* **Dataset records**:
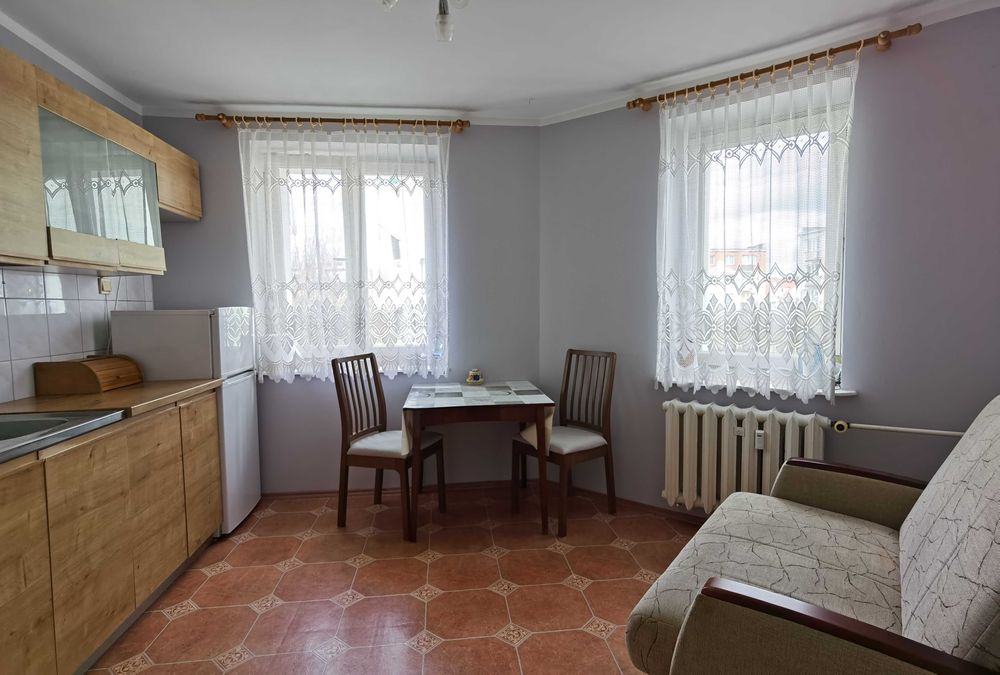 Mieszkanie na sprzedaż w centrum miasta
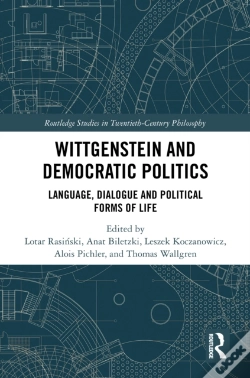 Capa do artigo Wittgenstein And Democratic Politics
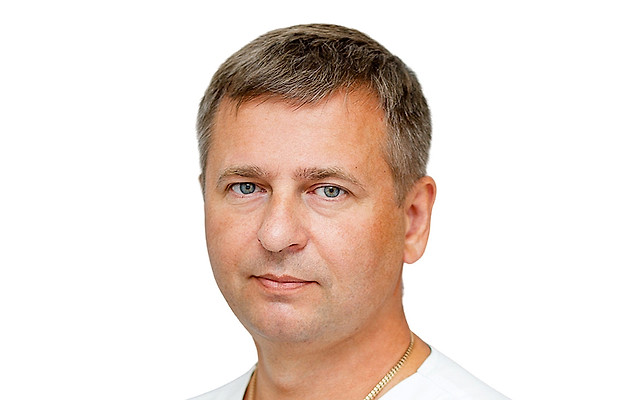 Родионов Сергей Александрович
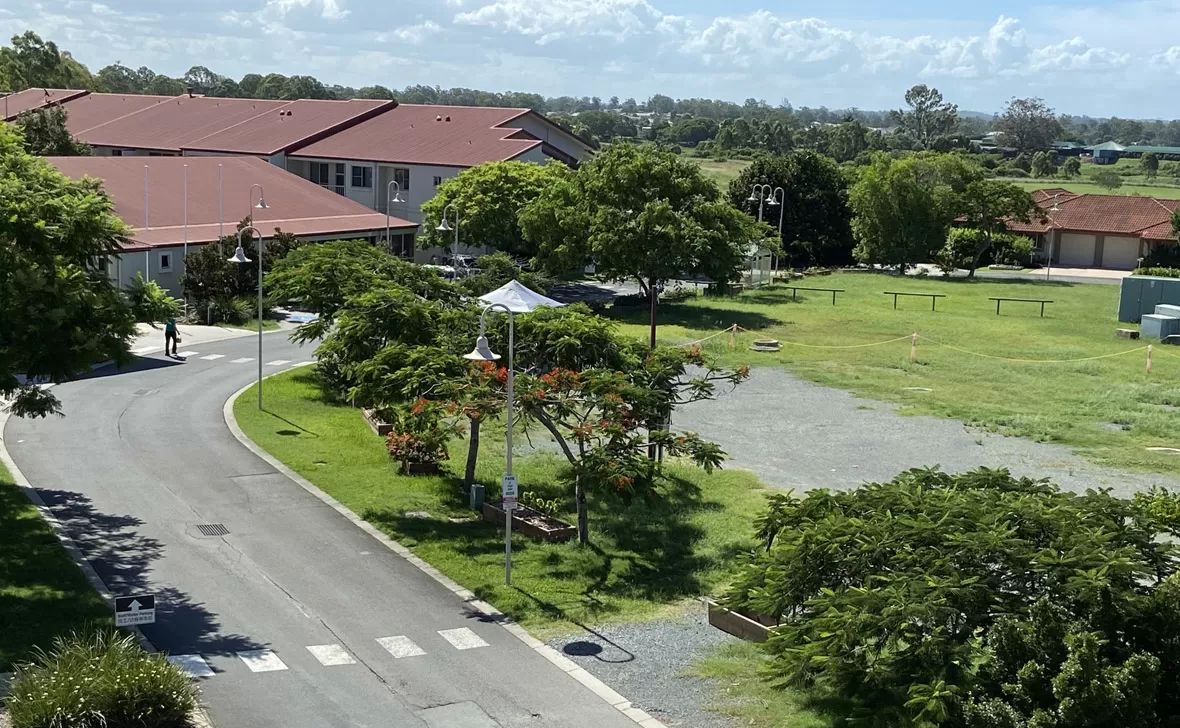 Bethania aged care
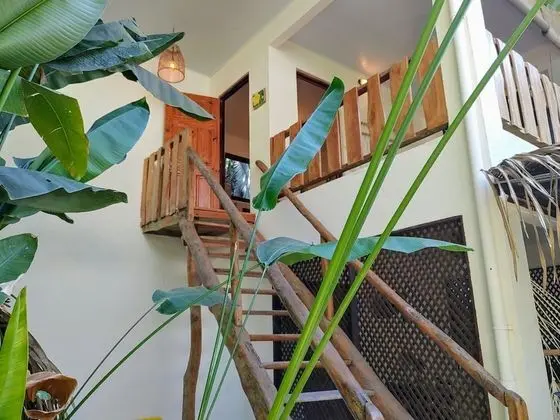 Comfort Apart Daire, 1 Çift Kişilik Yatak, Mutfak, Bahçe Manzaralı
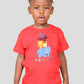 4 Friends Kenya Kids T-Shirt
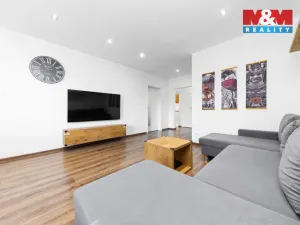Prodej bytu 3+1, Ostrava - Dubina, Norberta Frýda, 79 m2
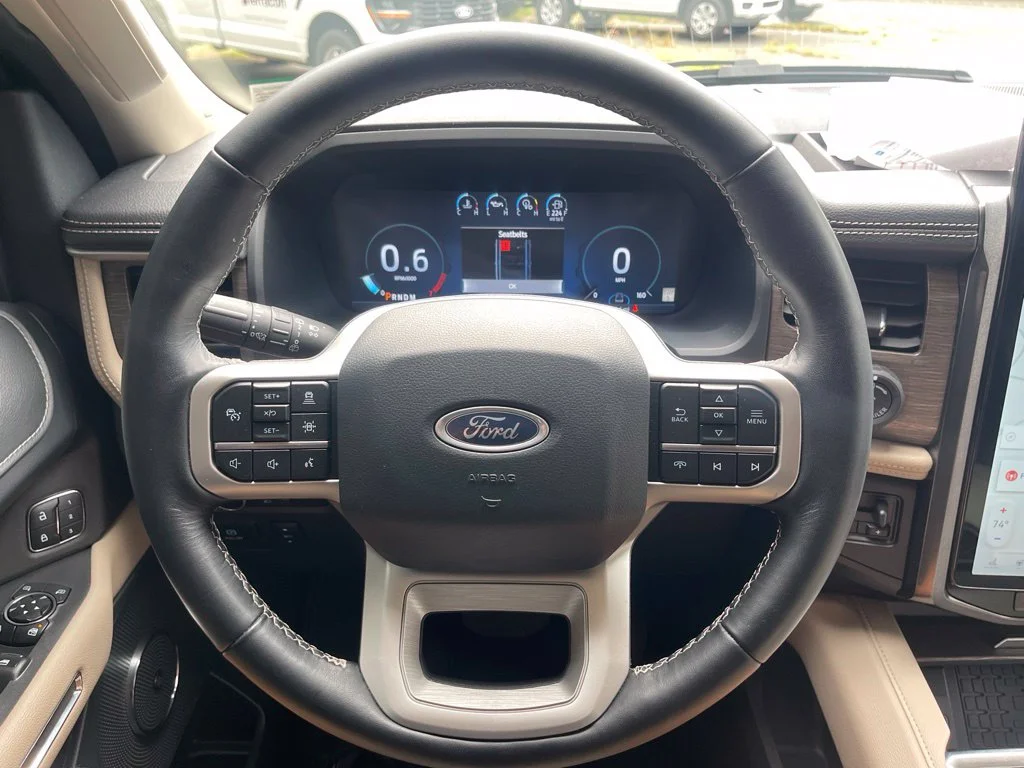 Certified Used 2024 Gray Ford Limited image 18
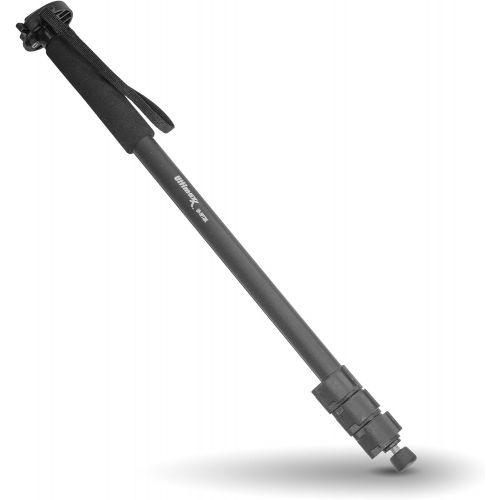  [아마존베스트]Ultimaxx 72 Monopod w/Quick Release for Canon, Nikon, Sony, Samsung, Olympus, Fujifilm, Panasonic, Pentax, and Other Digital SLR Cameras/Universal Camcorders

* **Work instruction**:
Lines from the start of the material through the line containing "Certified Used 2024" are to be restated word for word; no picture may be included.

* **Problem solution**:
 Mieszkanie na sprzedaż w centrum miasta
 Capa do artigo Wittgenstein And Democratic Politics
 Родионов Сергей Александрович
 Bethania aged care
 Comfort Apart Daire, 1 Çift Kişilik Yatak, Mutfak, Bahçe Manzaralı
 4 Friends Kenya Kids T-Shirt
Prodej bytu 3+1, Ostrava - Dubina, Norberta Frýda, 79 m2
 Certified Used 2024 Gray Ford Limited image 18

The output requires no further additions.